[ASSIGNED TASK] Look through the entries below for the line with "Certified 2021 Toyota" and the line with "Seltene Gelegenheit in", then give again exactly those two lines and all lines between them, minus the pictures.

[SUPPLIED ENTRIES]
-*-

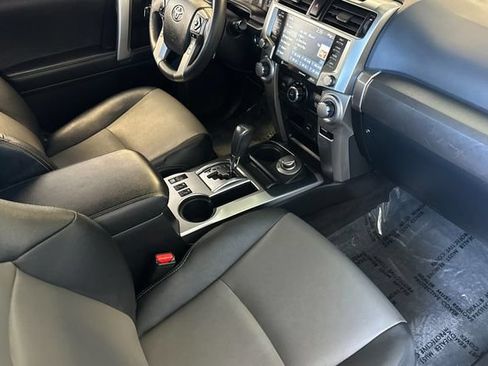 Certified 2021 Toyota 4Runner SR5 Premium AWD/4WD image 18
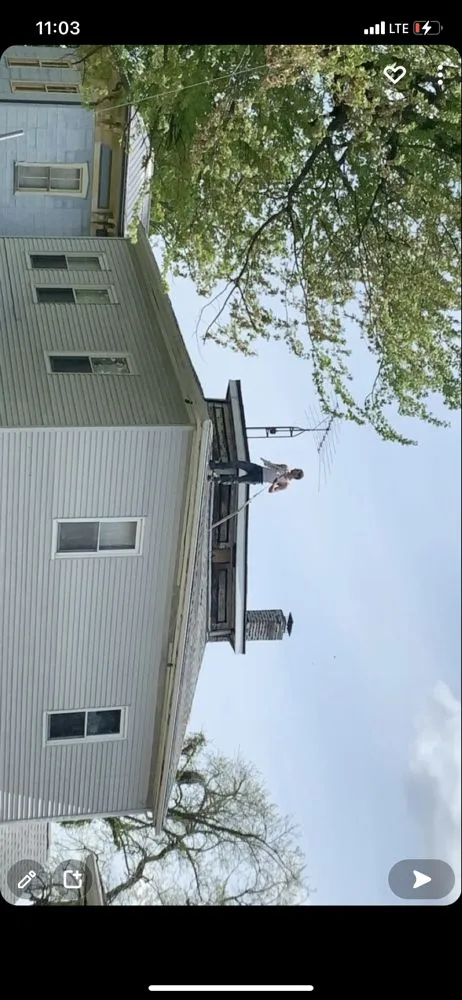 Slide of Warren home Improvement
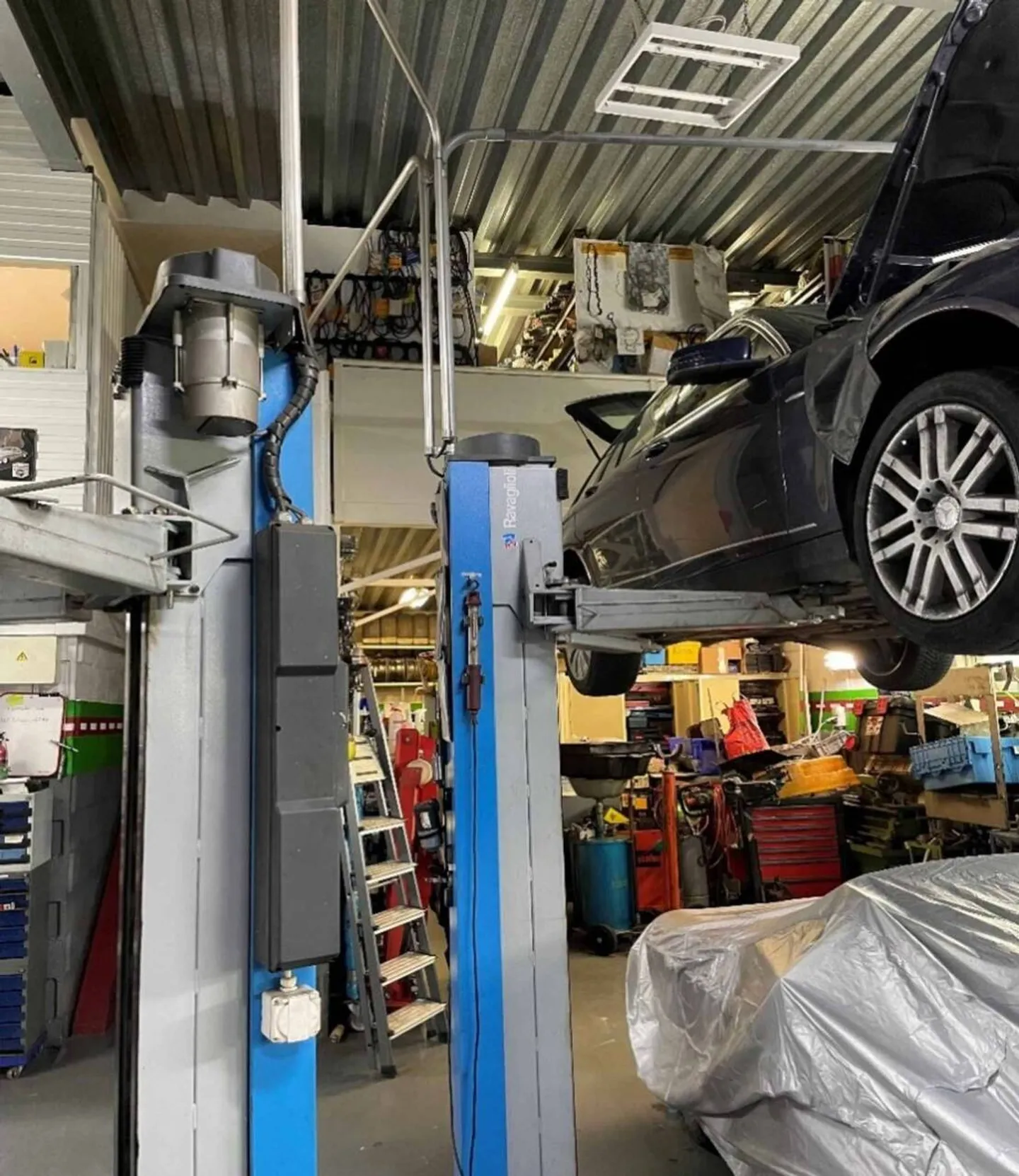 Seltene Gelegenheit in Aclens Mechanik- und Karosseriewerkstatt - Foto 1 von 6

-*-

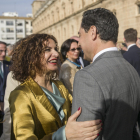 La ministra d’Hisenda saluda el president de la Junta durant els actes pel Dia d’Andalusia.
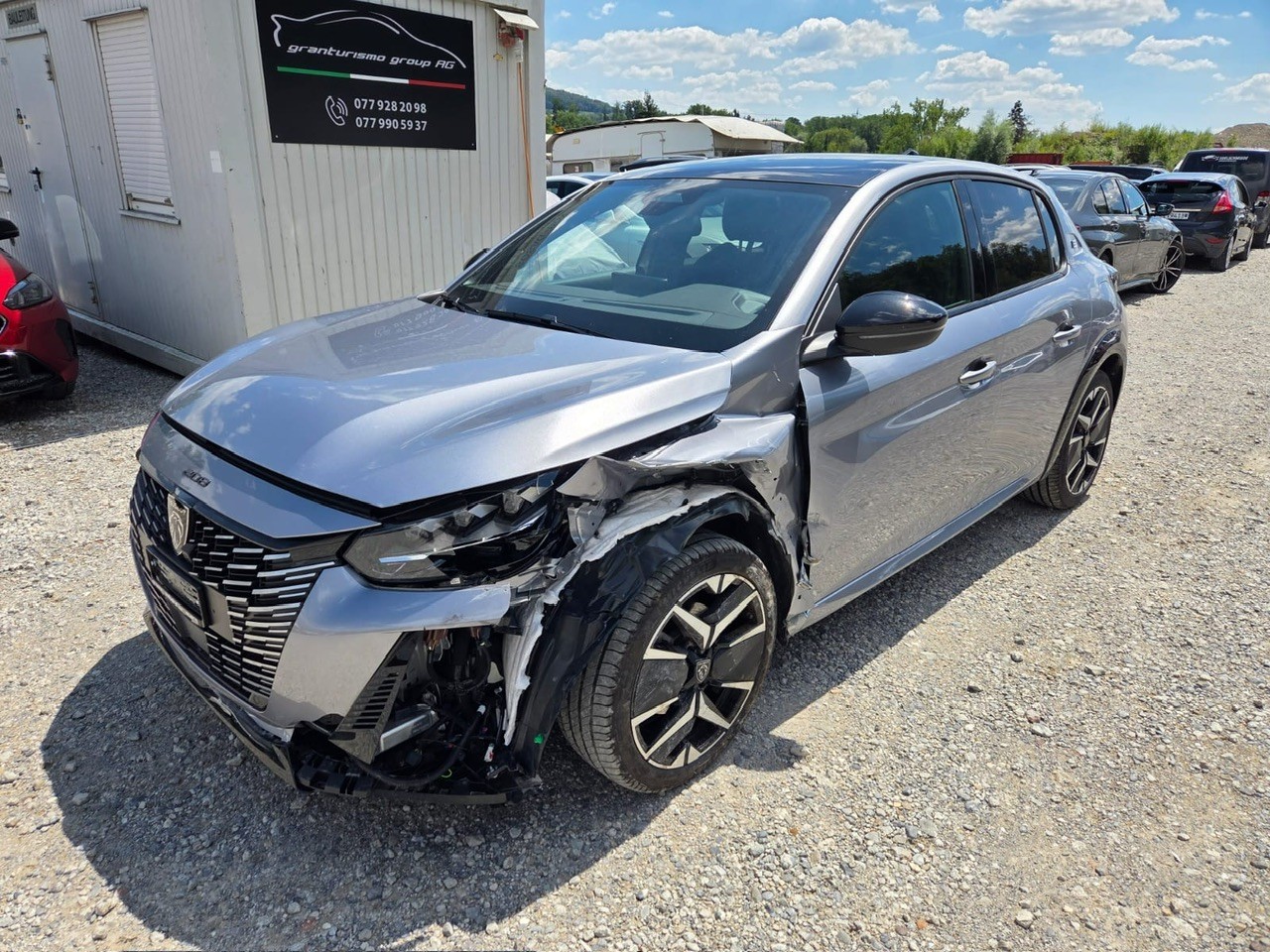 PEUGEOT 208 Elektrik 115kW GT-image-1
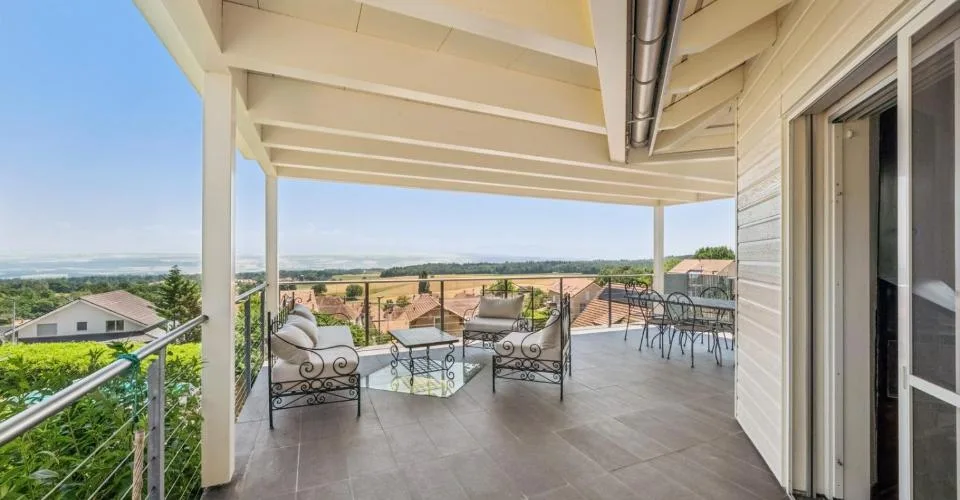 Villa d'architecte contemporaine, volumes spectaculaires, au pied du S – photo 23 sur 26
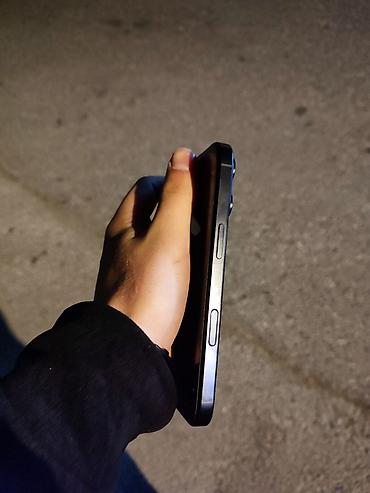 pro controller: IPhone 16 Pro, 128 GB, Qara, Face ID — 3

-*-

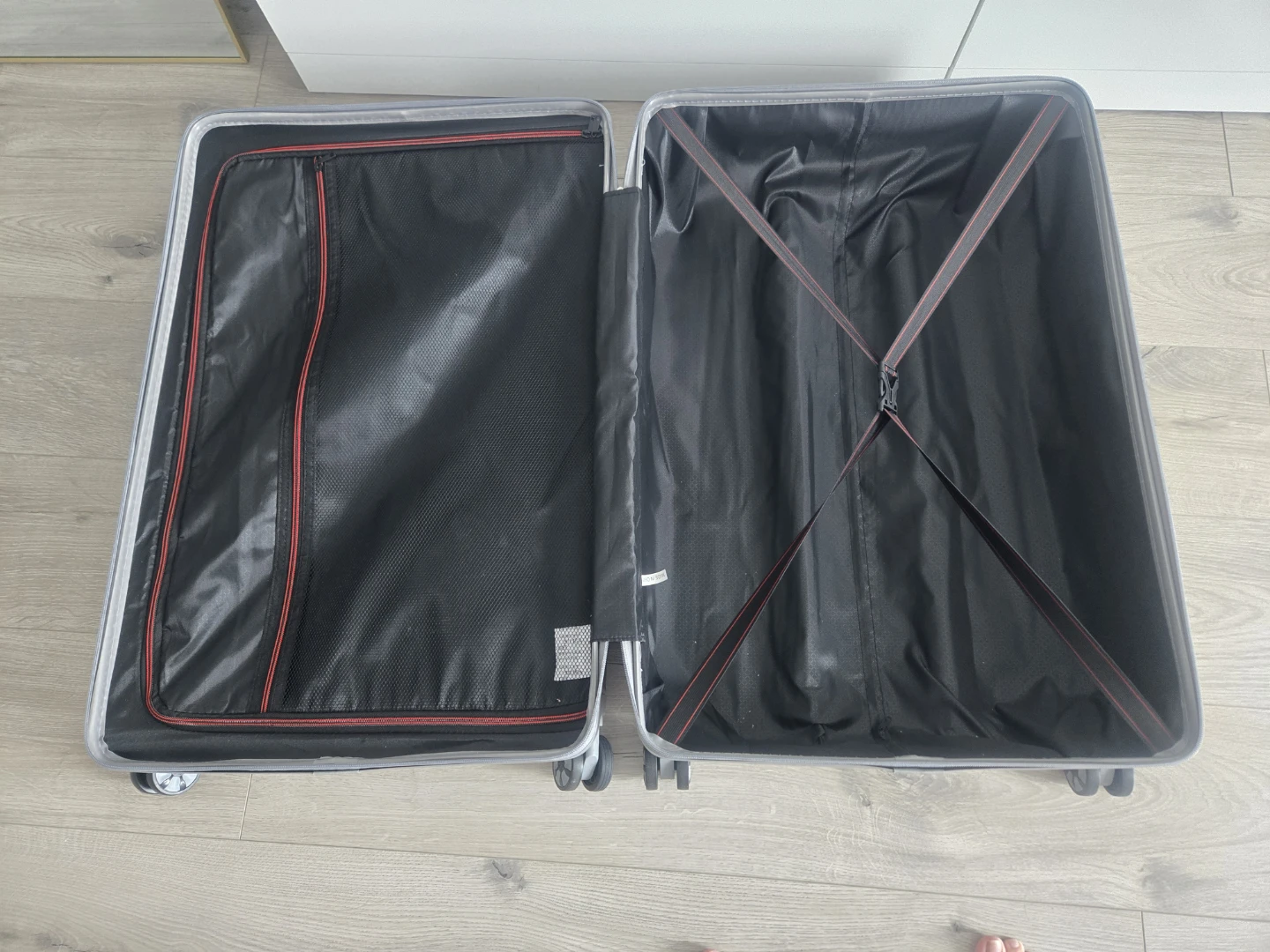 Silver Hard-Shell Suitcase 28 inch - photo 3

-*-

[RESPONSE TO THE TASK]
 Certified 2021 Toyota 4Runner SR5 Premium AWD/4WD image 18
 Slide of Warren home Improvement
 Seltene Gelegenheit in Aclens Mechanik- und Karosseriewerkstatt - Foto 1 von 6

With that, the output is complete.